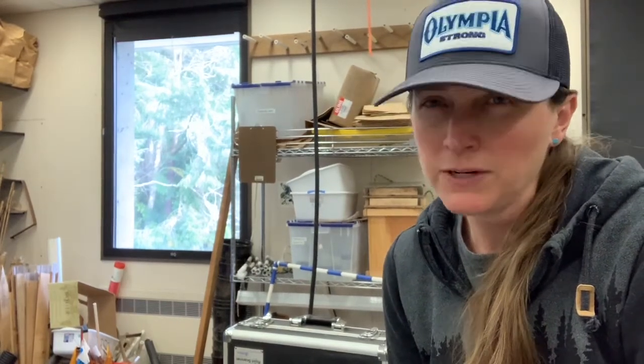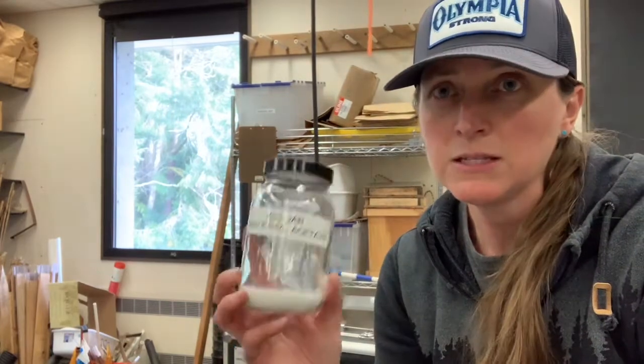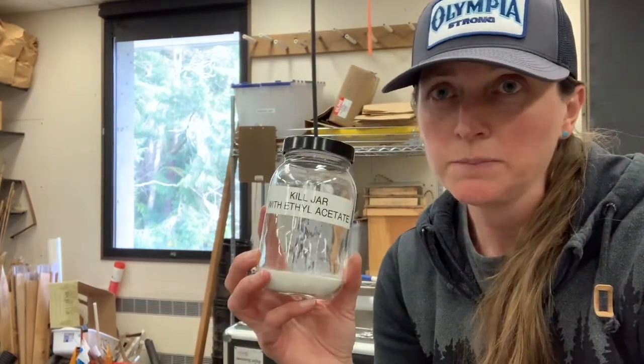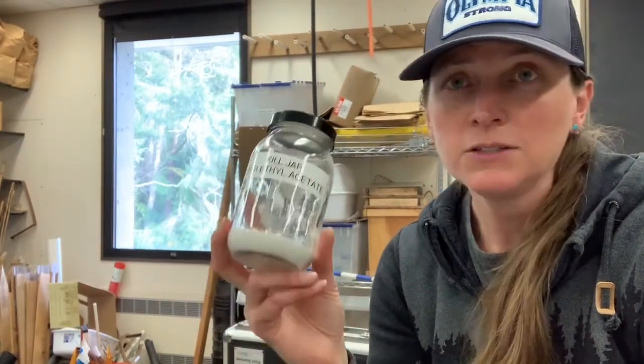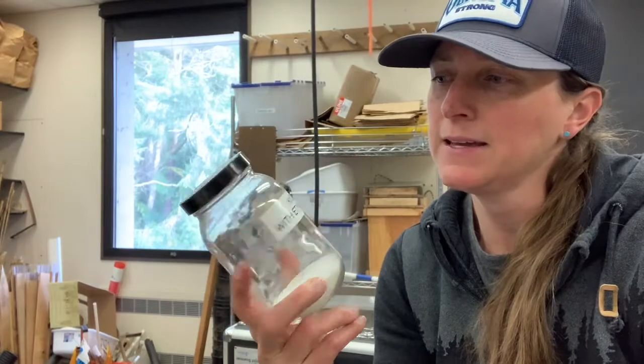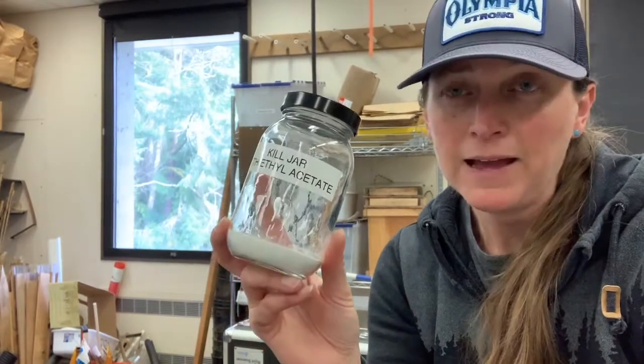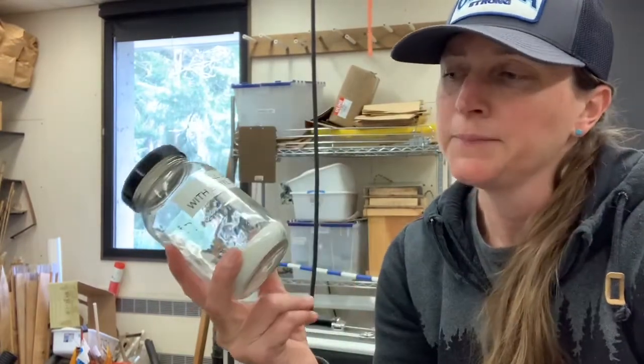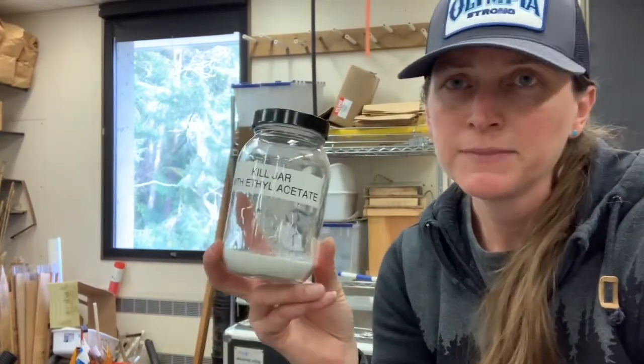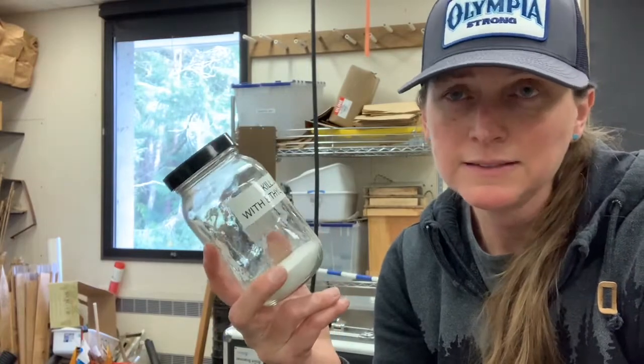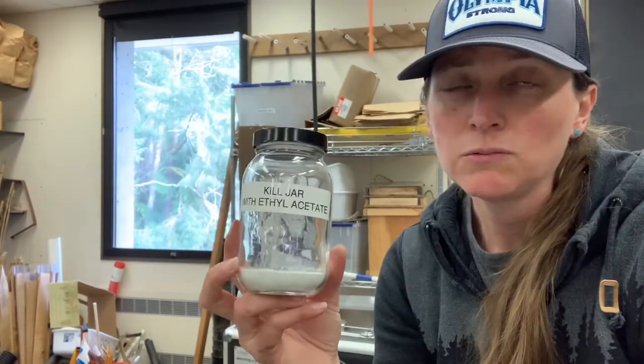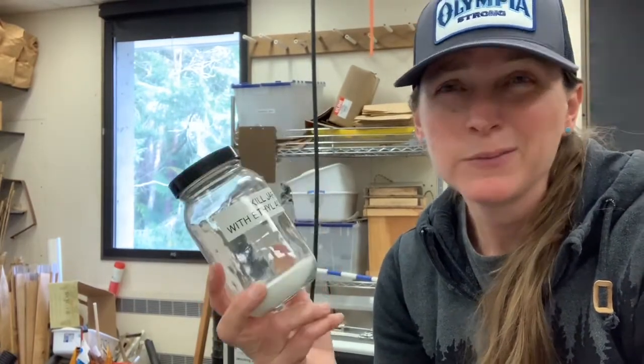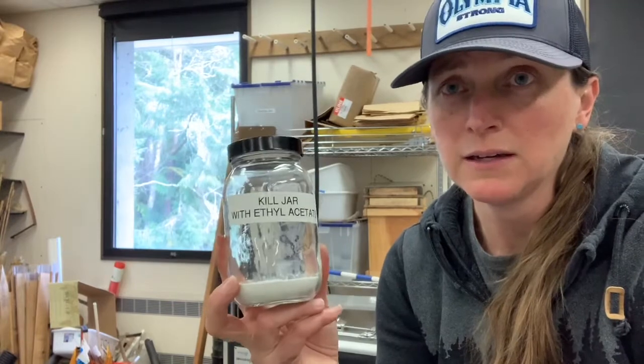If you're collecting terrestrial organisms, then the best way to preserve them or to actually kill them first if you're going to preserve them is in a kill jar. So a kill jar is just a jar and it has, in this case, ethyl acetate in the bottom. This is a substance that kills the insect without damaging them, so then you could pin the insect later.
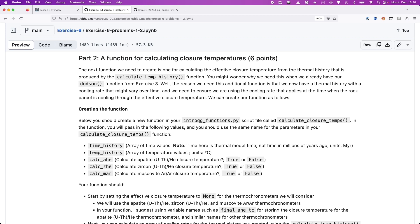Part two is to calculate the closure temperature. When we used the Dodson function before, we always had a constant cooling rate — 10 or 1 degree per million years — and calculated the age from that. Now we have a cooling history where the cooling rate changes as the rock moves up toward the surface. So we need to calculate the cooling rate from our temperature history and use that to calculate different thermochronometer ages.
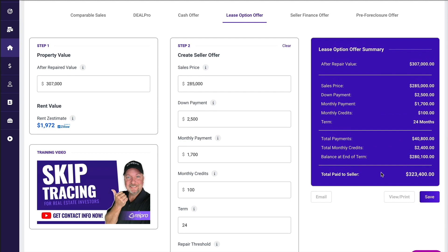If we scroll up to the lease option summary, you could click save here just to have everything secure. You can see the after repaired value hasn't changed — $307. We're going to offer $285, the down payment which is non-refundable and credited to the purchase price of $2,500, $1,700 a month, shooting for a $100 a month credit with a term of 24 months. Keep in mind, you're going to tell the seller our goal is to close this much sooner than 24 months, but you just want to allow yourself that extra time. You can see the total payments, the total credits for 24 months, and the balance at the end of that 24-month term. Your down payment is going to get credited along with any monthly credits. The total paid to the seller is actually going to be $323,400.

§ **TASK GOAL**:
An exact copy of all the lines above is required, with the pictures removed.

§ **RESPONSE FOR THIS EXERCISE**:
If you're collecting terrestrial organisms, then the best way to preserve them or to actually kill them first if you're going to preserve them is in a kill jar. So a kill jar is just a jar and it has, in this case, ethyl acetate in the bottom. This is a substance that kills the insect without damaging them, so then you could pin the insect later.
Part two is to calculate the closure temperature. When we used the Dodson function before, we always had a constant cooling rate — 10 or 1 degree per million years — and calculated the age from that. Now we have a cooling history where the cooling rate changes as the rock moves up toward the surface. So we need to calculate the cooling rate from our temperature history and use that to calculate different thermochronometer ages.
If we scroll up to the lease option summary, you could click save here just to have everything secure. You can see the after repaired value hasn't changed — $307. We're going to offer $285, the down payment which is non-refundable and credited to the purchase price of $2,500, $1,700 a month, shooting for a $100 a month credit with a term of 24 months. Keep in mind, you're going to tell the seller our goal is to close this much sooner than 24 months, but you just want to allow yourself that extra time. You can see the total payments, the total credits for 24 months, and the balance at the end of that 24-month term. Your down payment is going to get credited along with any monthly credits. The total paid to the seller is actually going to be $323,400.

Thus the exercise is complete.